--- Aim of the exercise ---
Every line below between the line holding "Joma Jewellery Adults'" and the line holding "Kindness is My Religion Floral T-Shirt", inclusive, should be repeated exactly, and all other lines omitted.

--- The data ---
○ ○ ○ ○ ○ ○ ○

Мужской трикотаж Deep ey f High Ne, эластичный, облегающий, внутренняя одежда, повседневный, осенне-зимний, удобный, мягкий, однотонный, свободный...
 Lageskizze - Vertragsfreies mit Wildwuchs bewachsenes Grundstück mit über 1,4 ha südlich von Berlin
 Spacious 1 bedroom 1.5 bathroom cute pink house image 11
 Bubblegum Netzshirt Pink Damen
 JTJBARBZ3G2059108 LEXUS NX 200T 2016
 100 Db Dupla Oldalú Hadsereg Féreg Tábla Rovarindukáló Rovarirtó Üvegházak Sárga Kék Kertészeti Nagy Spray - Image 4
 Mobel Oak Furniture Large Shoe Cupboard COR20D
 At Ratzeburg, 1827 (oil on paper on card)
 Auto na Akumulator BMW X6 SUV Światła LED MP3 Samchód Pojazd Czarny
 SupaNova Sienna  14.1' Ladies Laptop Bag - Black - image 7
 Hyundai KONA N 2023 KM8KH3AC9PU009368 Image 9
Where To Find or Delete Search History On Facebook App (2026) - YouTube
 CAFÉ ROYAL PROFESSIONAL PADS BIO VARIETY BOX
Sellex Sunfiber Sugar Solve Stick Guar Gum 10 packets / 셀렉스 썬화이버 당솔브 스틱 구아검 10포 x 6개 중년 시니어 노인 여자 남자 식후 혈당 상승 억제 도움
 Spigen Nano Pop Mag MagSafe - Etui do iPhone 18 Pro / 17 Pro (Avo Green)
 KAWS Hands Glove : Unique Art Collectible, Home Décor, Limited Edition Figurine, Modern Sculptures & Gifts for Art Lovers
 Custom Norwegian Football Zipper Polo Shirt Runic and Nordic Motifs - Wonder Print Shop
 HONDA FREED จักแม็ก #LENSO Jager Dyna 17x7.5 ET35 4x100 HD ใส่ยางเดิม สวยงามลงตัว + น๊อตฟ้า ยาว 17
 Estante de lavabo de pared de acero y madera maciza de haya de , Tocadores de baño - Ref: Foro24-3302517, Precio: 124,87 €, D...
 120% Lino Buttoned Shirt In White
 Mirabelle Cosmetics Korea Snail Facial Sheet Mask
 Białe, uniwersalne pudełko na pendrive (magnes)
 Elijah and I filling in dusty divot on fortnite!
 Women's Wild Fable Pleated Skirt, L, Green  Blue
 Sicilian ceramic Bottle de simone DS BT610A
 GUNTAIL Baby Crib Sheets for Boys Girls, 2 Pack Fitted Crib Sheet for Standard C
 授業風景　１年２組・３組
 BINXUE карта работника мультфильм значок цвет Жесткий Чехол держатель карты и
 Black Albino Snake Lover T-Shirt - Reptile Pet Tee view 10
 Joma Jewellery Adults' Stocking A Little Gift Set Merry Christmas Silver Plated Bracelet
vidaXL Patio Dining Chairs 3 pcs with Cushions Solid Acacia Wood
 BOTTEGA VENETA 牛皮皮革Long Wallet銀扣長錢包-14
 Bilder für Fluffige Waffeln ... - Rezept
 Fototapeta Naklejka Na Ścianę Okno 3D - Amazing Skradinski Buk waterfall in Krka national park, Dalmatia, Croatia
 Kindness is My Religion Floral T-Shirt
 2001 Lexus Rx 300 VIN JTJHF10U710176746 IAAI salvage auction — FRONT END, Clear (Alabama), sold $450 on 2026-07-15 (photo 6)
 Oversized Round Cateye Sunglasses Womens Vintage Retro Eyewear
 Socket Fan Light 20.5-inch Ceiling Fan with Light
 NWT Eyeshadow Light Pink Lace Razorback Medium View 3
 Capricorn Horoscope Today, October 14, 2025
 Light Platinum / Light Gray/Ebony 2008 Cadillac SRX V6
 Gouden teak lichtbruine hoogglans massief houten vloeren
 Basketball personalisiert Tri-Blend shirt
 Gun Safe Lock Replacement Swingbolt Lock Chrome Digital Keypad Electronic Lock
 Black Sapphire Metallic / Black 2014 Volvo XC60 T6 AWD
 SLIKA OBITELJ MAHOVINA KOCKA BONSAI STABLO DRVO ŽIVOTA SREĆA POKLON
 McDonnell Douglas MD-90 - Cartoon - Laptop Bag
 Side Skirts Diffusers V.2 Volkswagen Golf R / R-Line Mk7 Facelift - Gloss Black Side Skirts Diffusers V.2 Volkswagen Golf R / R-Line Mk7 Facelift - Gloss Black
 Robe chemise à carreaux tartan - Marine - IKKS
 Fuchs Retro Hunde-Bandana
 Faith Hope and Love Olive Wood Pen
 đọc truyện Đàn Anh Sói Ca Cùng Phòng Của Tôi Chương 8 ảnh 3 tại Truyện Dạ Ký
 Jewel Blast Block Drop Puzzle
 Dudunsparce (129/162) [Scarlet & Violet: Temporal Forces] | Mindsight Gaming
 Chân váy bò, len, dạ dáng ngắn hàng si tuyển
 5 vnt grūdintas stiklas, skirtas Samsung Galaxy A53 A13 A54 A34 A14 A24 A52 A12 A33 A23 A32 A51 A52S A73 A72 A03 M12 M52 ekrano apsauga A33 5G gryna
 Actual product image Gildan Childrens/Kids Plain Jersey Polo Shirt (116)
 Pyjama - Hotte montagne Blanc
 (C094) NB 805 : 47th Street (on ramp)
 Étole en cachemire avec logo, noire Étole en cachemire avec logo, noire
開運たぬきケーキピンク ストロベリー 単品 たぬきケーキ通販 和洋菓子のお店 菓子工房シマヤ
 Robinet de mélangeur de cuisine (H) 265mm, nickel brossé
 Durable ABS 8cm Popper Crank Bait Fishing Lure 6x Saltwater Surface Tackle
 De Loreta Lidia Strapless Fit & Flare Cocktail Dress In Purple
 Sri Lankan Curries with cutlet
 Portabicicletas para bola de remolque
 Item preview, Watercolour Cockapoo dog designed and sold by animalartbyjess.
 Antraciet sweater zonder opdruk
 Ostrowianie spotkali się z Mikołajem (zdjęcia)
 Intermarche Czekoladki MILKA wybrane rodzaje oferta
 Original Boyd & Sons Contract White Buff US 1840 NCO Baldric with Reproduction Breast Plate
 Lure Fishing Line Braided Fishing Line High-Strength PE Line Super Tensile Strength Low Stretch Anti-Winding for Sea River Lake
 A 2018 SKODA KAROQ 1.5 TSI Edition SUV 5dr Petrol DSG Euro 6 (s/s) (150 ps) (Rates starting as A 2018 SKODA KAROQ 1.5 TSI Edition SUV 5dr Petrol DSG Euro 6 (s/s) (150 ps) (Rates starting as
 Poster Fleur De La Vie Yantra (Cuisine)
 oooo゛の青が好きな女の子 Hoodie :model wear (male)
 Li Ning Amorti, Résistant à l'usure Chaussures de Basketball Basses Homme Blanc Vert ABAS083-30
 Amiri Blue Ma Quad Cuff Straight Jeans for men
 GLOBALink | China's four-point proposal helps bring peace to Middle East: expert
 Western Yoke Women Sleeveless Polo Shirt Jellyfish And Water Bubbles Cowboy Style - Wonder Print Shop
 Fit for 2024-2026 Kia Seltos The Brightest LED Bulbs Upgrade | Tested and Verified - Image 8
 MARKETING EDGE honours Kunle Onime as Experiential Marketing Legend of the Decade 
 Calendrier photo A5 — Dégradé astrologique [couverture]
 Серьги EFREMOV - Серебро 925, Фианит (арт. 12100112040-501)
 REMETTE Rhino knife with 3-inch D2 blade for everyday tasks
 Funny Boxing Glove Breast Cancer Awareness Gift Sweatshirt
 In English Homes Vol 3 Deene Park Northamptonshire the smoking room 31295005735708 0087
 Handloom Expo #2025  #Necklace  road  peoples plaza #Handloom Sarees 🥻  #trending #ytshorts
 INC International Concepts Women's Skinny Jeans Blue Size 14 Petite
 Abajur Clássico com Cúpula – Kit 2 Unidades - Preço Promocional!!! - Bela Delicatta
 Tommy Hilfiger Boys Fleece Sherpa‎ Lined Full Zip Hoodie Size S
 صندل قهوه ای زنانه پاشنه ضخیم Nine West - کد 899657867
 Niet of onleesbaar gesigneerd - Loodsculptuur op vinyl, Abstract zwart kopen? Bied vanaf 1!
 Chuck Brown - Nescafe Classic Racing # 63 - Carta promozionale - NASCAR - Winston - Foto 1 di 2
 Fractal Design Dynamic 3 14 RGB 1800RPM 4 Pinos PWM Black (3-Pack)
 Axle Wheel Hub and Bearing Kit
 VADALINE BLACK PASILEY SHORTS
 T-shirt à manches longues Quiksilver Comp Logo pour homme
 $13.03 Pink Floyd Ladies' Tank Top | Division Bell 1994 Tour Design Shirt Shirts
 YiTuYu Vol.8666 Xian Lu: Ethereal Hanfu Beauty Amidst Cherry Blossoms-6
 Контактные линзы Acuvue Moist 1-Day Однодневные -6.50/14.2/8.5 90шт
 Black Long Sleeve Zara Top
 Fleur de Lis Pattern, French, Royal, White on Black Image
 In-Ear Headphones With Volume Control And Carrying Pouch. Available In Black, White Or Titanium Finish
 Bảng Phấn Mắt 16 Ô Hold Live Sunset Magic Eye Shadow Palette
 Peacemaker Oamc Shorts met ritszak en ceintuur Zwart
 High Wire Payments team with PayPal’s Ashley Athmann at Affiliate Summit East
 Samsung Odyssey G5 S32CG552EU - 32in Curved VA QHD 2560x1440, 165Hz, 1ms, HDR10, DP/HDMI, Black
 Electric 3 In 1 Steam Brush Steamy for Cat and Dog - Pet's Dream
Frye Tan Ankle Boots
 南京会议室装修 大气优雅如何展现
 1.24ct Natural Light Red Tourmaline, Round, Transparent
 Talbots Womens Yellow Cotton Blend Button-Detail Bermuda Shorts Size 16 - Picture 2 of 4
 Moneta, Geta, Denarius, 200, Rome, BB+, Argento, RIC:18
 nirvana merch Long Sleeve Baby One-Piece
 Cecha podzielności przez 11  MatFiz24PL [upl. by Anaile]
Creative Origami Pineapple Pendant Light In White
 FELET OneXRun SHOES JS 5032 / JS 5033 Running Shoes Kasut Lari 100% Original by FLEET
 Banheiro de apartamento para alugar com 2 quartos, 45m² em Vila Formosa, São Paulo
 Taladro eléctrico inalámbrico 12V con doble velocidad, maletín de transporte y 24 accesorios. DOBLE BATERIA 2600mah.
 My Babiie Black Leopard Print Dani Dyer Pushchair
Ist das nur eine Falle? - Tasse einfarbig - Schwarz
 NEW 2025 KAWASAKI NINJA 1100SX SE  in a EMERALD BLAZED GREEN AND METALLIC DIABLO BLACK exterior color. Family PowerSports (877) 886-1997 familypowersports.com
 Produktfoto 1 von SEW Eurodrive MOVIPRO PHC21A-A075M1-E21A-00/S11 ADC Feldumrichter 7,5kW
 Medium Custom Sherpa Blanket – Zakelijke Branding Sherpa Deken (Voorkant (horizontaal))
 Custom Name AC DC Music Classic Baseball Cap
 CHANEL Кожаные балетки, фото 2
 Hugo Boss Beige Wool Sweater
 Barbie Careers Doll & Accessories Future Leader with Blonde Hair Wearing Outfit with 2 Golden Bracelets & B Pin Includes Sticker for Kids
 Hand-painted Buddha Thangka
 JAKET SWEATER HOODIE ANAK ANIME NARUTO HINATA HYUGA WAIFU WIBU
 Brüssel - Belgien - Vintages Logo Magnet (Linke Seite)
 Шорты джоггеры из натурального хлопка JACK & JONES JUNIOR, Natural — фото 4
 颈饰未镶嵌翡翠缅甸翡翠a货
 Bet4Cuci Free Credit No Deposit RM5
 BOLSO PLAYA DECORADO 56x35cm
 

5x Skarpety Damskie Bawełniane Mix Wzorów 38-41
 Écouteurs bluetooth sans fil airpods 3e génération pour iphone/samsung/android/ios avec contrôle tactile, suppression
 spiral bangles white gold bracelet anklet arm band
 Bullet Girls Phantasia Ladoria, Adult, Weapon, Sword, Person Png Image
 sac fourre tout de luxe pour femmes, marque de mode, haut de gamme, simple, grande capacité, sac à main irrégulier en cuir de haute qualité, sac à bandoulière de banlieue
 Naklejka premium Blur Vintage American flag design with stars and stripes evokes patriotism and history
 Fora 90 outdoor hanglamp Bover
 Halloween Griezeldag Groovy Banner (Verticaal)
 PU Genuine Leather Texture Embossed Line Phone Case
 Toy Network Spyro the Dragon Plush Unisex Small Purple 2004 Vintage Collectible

○ ○ ○ ○ ○ ○ ○

--- Written response ---
 Joma Jewellery Adults' Stocking A Little Gift Set Merry Christmas Silver Plated Bracelet
vidaXL Patio Dining Chairs 3 pcs with Cushions Solid Acacia Wood
 BOTTEGA VENETA 牛皮皮革Long Wallet銀扣長錢包-14
 Bilder für Fluffige Waffeln ... - Rezept
 Fototapeta Naklejka Na Ścianę Okno 3D - Amazing Skradinski Buk waterfall in Krka national park, Dalmatia, Croatia
 Kindness is My Religion Floral T-Shirt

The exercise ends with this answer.